Target penerimaan pajak dinilai terlampau ambisius

Senin, 30 Oktober 2017 | 15:59 WIB ET

JAKARTA, kabarbisnis.com: Kementerian Keuangan (Kemenkeu) diminta  lebih realistis dalam menetapkan target penerimaan pajak. Hal ini sejalan dengan realisasi penerimaan pajak dalam beberapa tahun terakhir yang gagal mencapai target.

Ekonom Fakultas Ekononomi dan Bisnis Universitas Indonesia Faisal Basri mengatakan target penerimaan pajak yang ditetapkan pemerintah terlampau ambisius.Padahal, realisasi penerimaan pajak terus menurun.

Dijelaskan selama kurun waktu 2016-2014, realisasi penerimaan pajak rata-rata sebesar 96% dari target. Penerimaan pajak hanya melewati target pada 2008, yaitu sebesar 107 persen saat harga komoditas melambung tinggi.

“Dalam dua tahun pemerintahan Presiden Jokowi, realisasi pajak itu melorot ke 82 persen. Tanpa penerimaan dari tax amnesty, realisasi penerimaan pajak di 2016 mungkin hanya sekitar 74 persen,” ujar Faisal di Jakarta, Senin (30/10/2017).

Faisal juga mempertanyakan validitas data Wajib Pajak. Menurut, data yang diolah Ditjen Pajak tersebut harus diperbaharui dan dijamin kualitasnya.

"Istri saya dikirim surat cinta oleh Dirjen Pajak,diminta dibuat NPWP. Nah pasti databasenya ngaco.Kartu Keluarga menunjukkan kalau istri saya tidak kerja dan memang istri saya tidak bekerja. Kalau begini caranya jadi repot, menunjukkan lemahnya databse perpajakan. Jadi jangan heran kalau tebak-tebakannnya banyak salahnya," tukasnya.

Faisal menegaskan rendahnya rasio pajak di Indonesia juga menjadi penghambat realisasi penerimaan pajak. Bahkan dalam lima tahun terakhir rasio pajak cenderung menurun.

Pada 2012, menurut Faisal rasio pajak di Indonesia memang sempat menyentuh angka 11,4%.Namun setelah itu terus menurun menjadi 11,3% di 2013, 10,9% di 2014, 10,8%  di 2015, 10,4% di 2016 dan di 2017 diperkirakan hanya mencapai 10,1%.

“Jadi tax ratio kita turun terus, sedangkan di negara-negara lain itu malah naik. Jadi kita pada level yang masih rendah yang justru turun terus dalam lima  tahun terakhir,” terang Faisal.

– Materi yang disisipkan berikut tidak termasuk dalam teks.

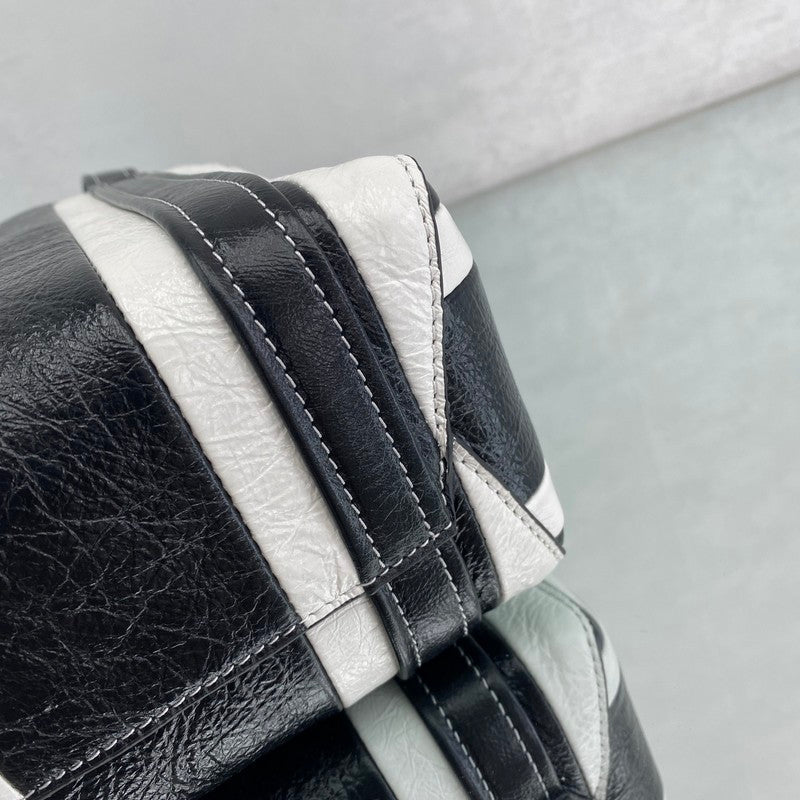 Aura Bags - BGA Bags - 027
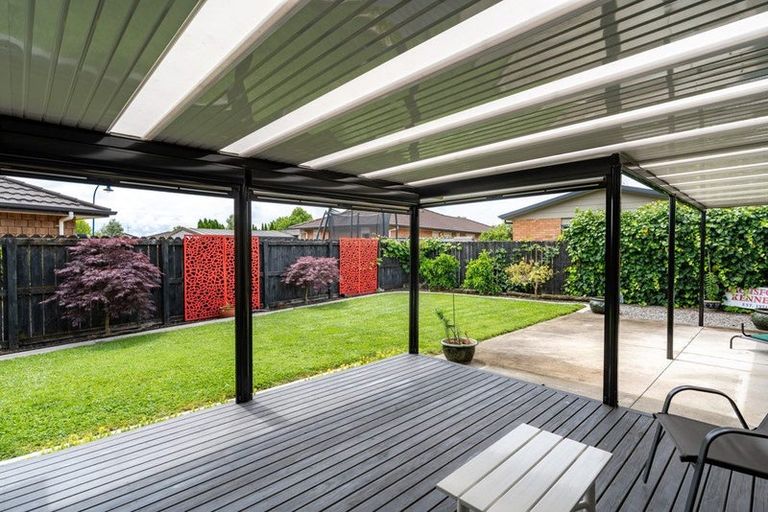 Photo of property in 15a Te Wiata Lane, Ngaruawahia, 3720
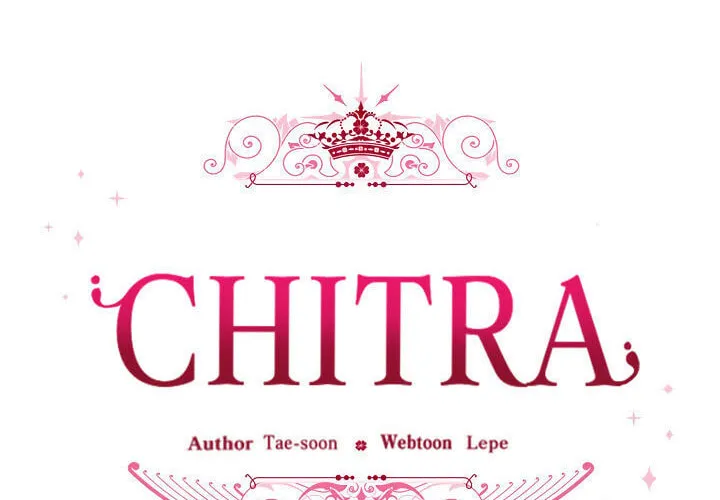 Read Chitra chapter 137 image 1 on Lezhin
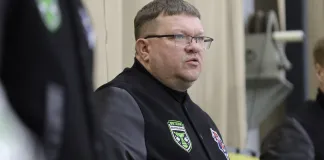 В гродненском «Немане» может смениться главный тренер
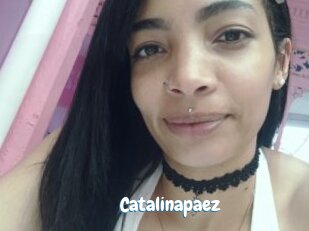 Catalinapaez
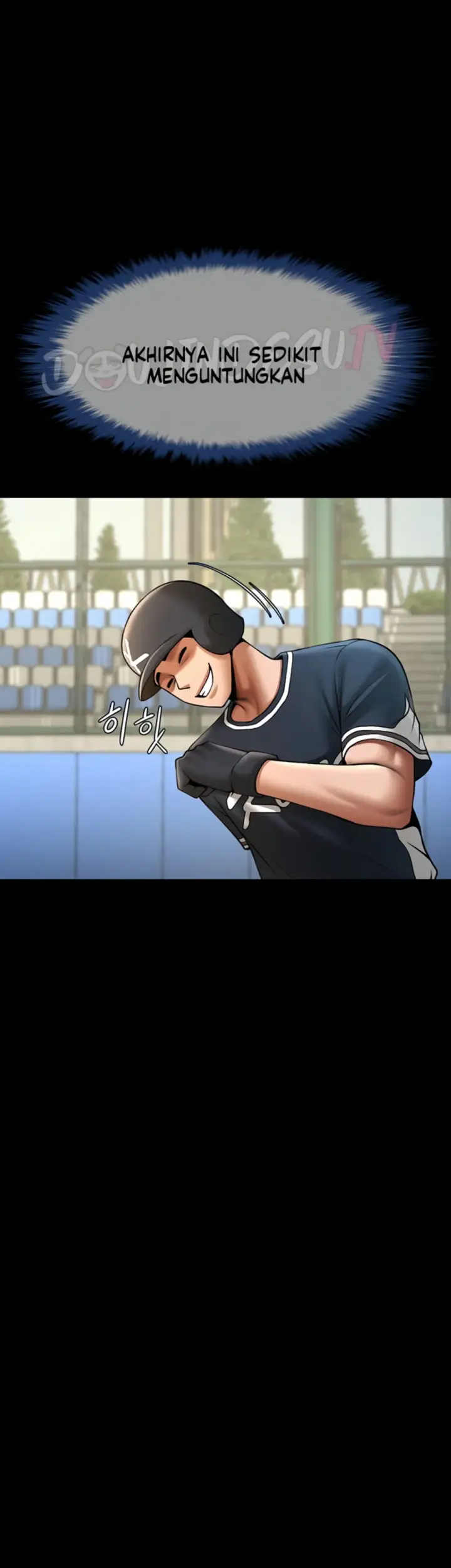 image-komik-the-cheat-code-hitter-chapter-66-38/45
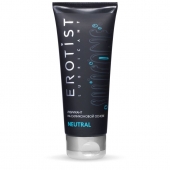 Лубрикант на силиконовой основе Neutral - 100 мл. - Erotist Lubricants - купить с доставкой в Майкопе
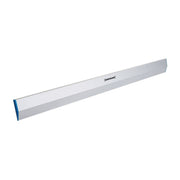 Silverline Feather Edge 1800mm Silverline - Dynamic Drive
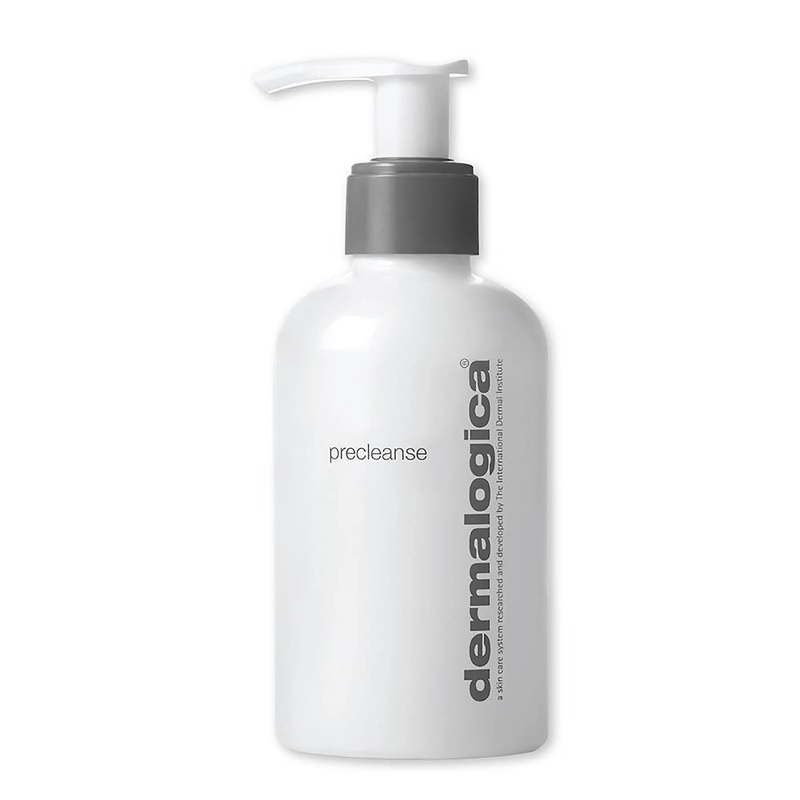 Dermalogica Precleanse 10OZ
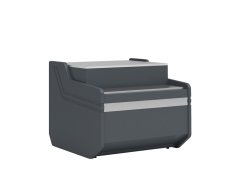 Juka Modena SP New 100/110
Juka Modena SP New 100/110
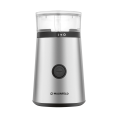 Кофемолка MAUNFELD MF-522S
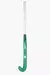 Imagen de Palo de Hockey Osaka Futurelab Pro Bow LTD Aquatic Awe 37.5" 100% Carbono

Faisal menilai alasan yang menyebabkan terus melorotnya realisasi penerimaan pajak adalah karena masih banyak masyarakat yang beker di sektor informal. "Jumlah orang kerja makin banyak informal yang tidak punya NPWP. Dan ingat 70 persen rakyat Indonesia itu extreme poor, yang pasti tidak punya NPWP," tukasnya.

Hal ini tentunya menyebabkan pengumpulan pajak tidak dapat berjalan secara efektif, dalam arti menyentuh semua potensi pajak yang ada dalam negeri. "Jadi kelas menengah, dan secara ekonomi secure itu cuma 30 persen. Itu yang visible dipajakan," tegas Faisal.

Faisal berpendapat salah satu cara yang dapat dilakukan pemerintah adalah dengan melakukan industrialisasi sistem pertanian. Pasalnya, masih banyak masyarakat yang bekerja di sektor pertanian.

Dengan cara itu, diharapkan penghasilan petani dapat meningkat sekaligus akan dapat mendorong konsumsi. "Dorong pekerja pertanian ke manufaktur dan sektor lainnya dengan produktivitas lebih tinggi supaya lebih cepat punya NPWP. Hasil dari transisi ini meski wajib pajak perseorangan tidak meningkat signifikan tapi setidaknya PPN diharapkan meningkat karena konsumsi mereka lebih cepat,"pungkasnya.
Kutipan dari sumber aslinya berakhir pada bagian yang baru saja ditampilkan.